───── STORED DATA ─────

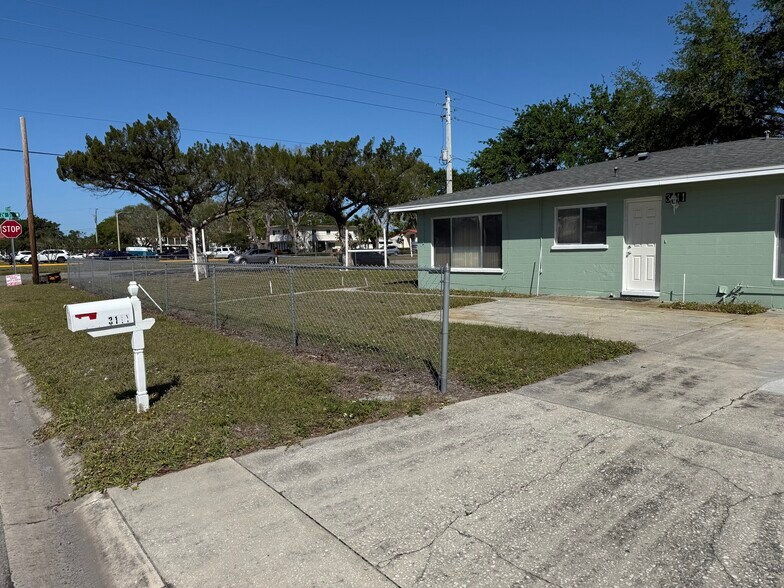 More Photos Of 3111 26th St W, Bradenton Flex For Sale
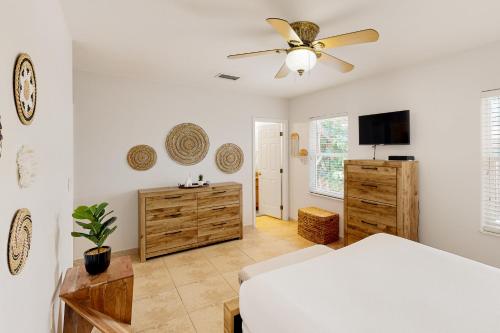 um quarto com uma cama e uma ventoinha de tecto em Coastal Charm Hideaway em Key Colony Beach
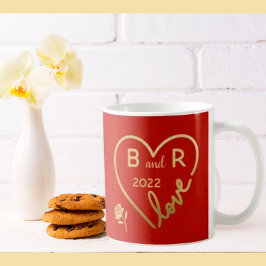 Taza De Café Monogramas de amor al corazón rojo/Año inicial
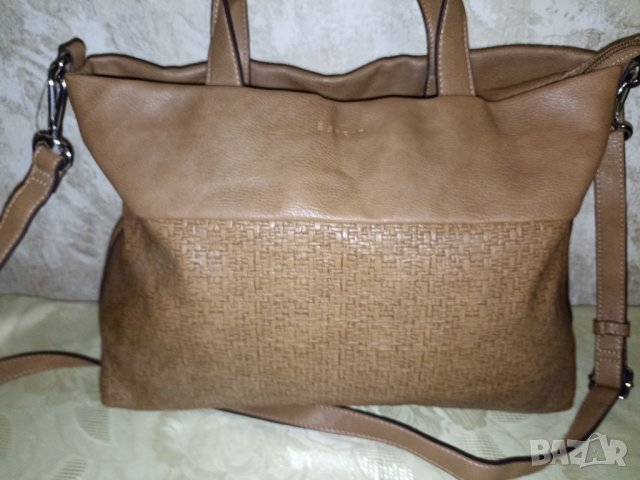 Esprit-Нова голяма кожена дамска чанта с плетеници, снимка 3 - Чанти - 42858680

─────

TASK GOAL → Copy out all of the data word for word. Do not carry over any picture.

YOUR SOLUTION →
 More Photos Of 3111 26th St W, Bradenton Flex For Sale
 um quarto com uma cama e uma ventoinha de tecto em Coastal Charm Hideaway em Key Colony Beach
 Taza De Café Monogramas de amor al corazón rojo/Año inicial
 Esprit-Нова голяма кожена дамска чанта с плетеници, снимка 3 - Чанти - 42858680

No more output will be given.